İsrail ordusu ile Hizbullah arasındaki çatışmalar 2 ayı geride bıraktı

Lübnan'daki Hizbullah Hareketi ile İsrail ordusu arasında tam anlamıyla bir savaş çıkmasa da "kontrollü şekilde" devam eden çatışmalarda 2 ay geride kaldı

(AA)
(AA)
TT

İsrail ordusu ile Hizbullah arasındaki çatışmalar 2 ayı geride bıraktı

(AA)
(AA)

Lübnan'ın güneyi ile İsrail'in kuzeyinde yer alan 120 kilometrelik dağlık sınır hattı, İsrail ordusu ve Hizbullah arasında 8 Ekim'den bu yana çatışmalara sahne oluyor.

AA, Hizbullah ile İsrail ordusu arasında 2 aydır süren çatışmalarda öne çıkan olayları derledi.

Hizbullah ve İsrail ordusu arasındaki "kontrollü gerilim" devam ediyor

İran destekli Hizbullah, Hamas'ın 7 Ekim'de Gazze Şeridi'nden İsrail'in güneyine saldırması ve karşılıklı çatışmaların başlamasının ardından yaptığı açıklamada, tarafsız olmadıklarını, Filistin direniş gruplarını destekleyeceklerini duyurdu.

Ardından başta Lübnan olmak üzere bölge ve uluslararası toplum arasında, "Hizbullah, İsrail'e karşı topyekûn bir savaş başlatır mı?" sorusu sorulmaya başlandı.

(AA)

Ancak Hizbullah Genel Sekreteri Hasan Nasrallah'ın 12 Kasım'da yaptığı açıklamada, "Güney (Lübnan) cephesi bir baskı cephesi olarak kalacaktır" ifadesi, "topyekûn" savaş ilanı olasılığını kısmen de olsa ortadan kaldırdı, bununla birlikte taraflar arasında sınırda yaşanan çatışmaların dozu düşmedi.

İsrail ordusu ve Hizbullah arasında dağlık sınır hattı üzerinde karşılıklı saldırılar ve çatışmalar "kontrolü" bir şekilde devam ediyor.

Her iki taraf da İsrail ve Lübnan'ın iç kesimlerine ve büyük kent merkezlerine yönelik saldırılar düzenlemiyor.

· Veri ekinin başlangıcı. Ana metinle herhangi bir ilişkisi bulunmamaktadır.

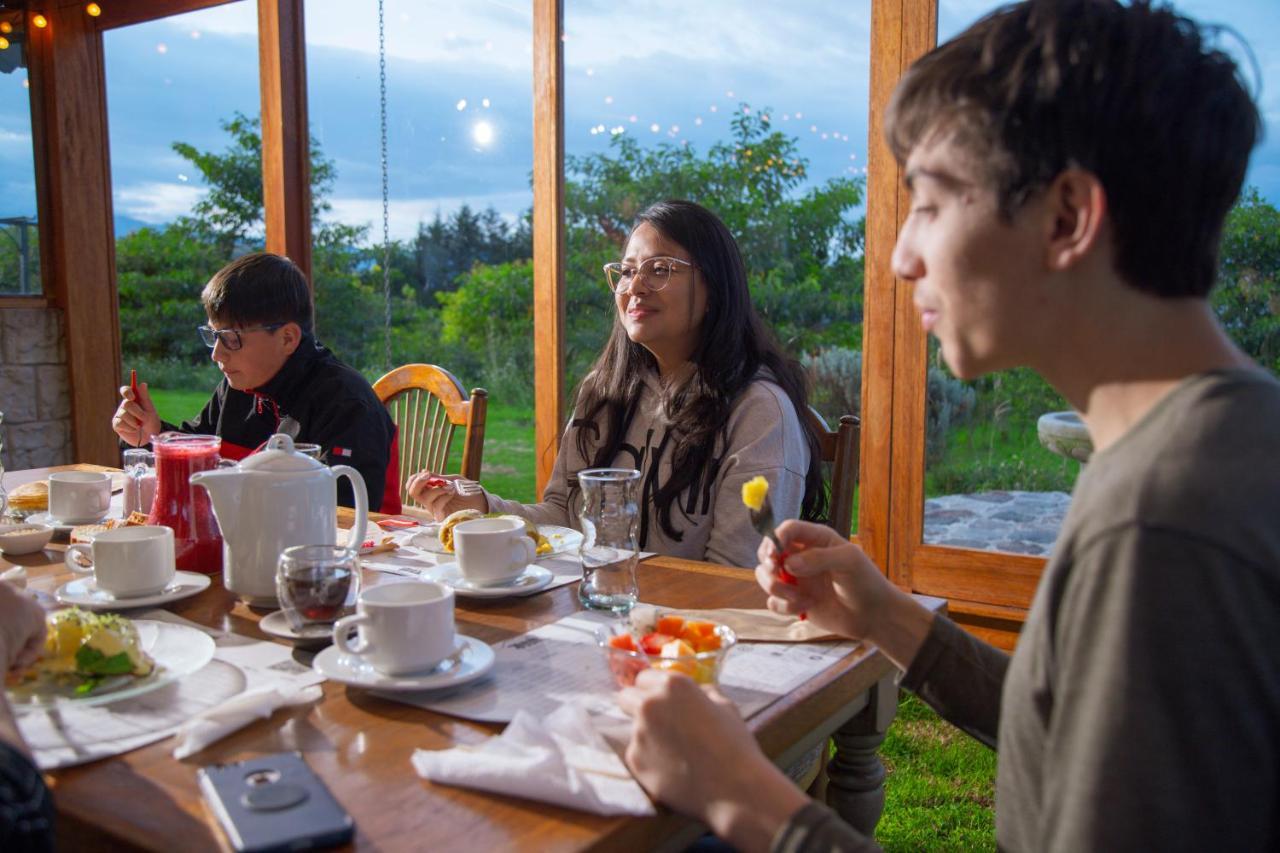 Hosteria Cananvalle Ибарра Экстерьер фото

Birkaç istisnai durum dışında Hizbullah ve İsrail'in çatışmayı genellikle sınır hattı üzerinde tutmaya çalıştıkları gözlemleniyor.

Çatışmalara müdahil olmayan Lübnan ordusundan 1 asker öldü

İsrail ordusu ve Hizbullah arasındaki çatışmalara müdahale etmeyip sınırdaki gelişmeleri takip etmekle yetinen Lübnan ordusu, genellikle "nötr" bir pozisyonda.

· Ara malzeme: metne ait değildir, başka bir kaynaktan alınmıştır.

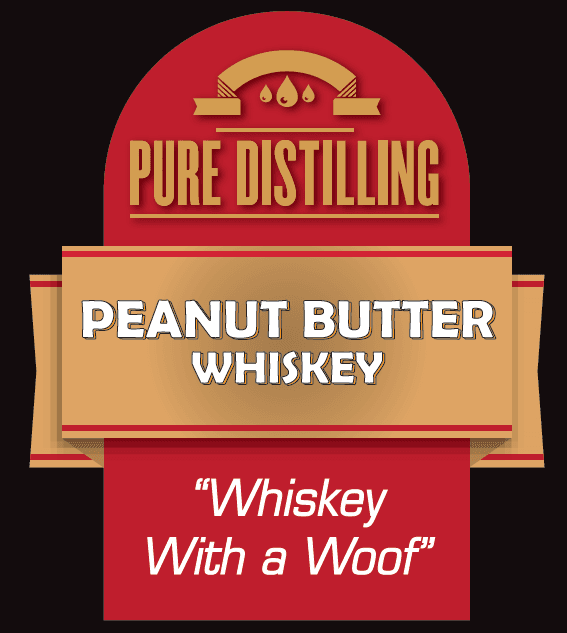 Pure Distilling Peanut Butter Whiskey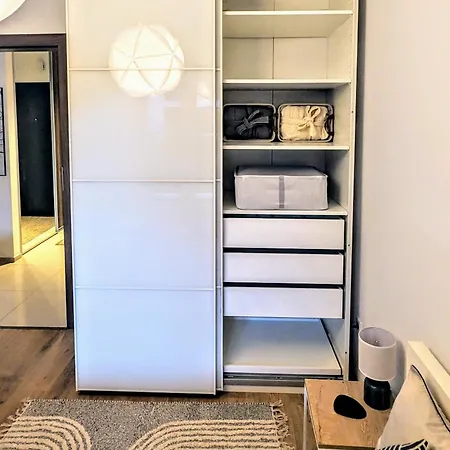 Kaszmir Sky By Vistula River Apartmán *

Ancak çatışmaların başından bu yana ilk defa 5 Aralık'ta İsrail'in topçu atışı saldırısında 1 Lübnan askeri hayatını kaybetti.

Saldırı sonrası açıklama yapan İsrail ordusu, Lübnanlı askerin ölmesinden üzüntü duyduklarını, saldırının hedefinde Lübnan ordusunun olmadığını bildirdi.

Taraflar arasındaki çatışmalar nedeniyle 2 ay içinde 90 Hizbullah mensubu ve 6 İsrail askeri öldü.

Lübnan'da 3'ü gazeteci, 3'ü çocuk olmak üzere 23 sivil, İsrail'de ise 4 sivil hayatını kaybetti.

(AA)

Lübnan'da 56 bin, İsrail'de 80 sivil evini terk etti

Çatışmalar ve hava saldırılarının devam etmesi üzerine sınıra yakın bölgelerde yaşayan sivillerin neredeyse tamamı evlerini terk etti.

Birleşmiş Milletler (BM) Uluslararası Göç Örgütü, 26 Kasım'da yaptığı açıklamada, İsrail ile çatışmaların yaşandığı Lübnan'ın güneyinde 55 bin 491 kişinin evlerini terk etmek zorunda kaldığını belirtti.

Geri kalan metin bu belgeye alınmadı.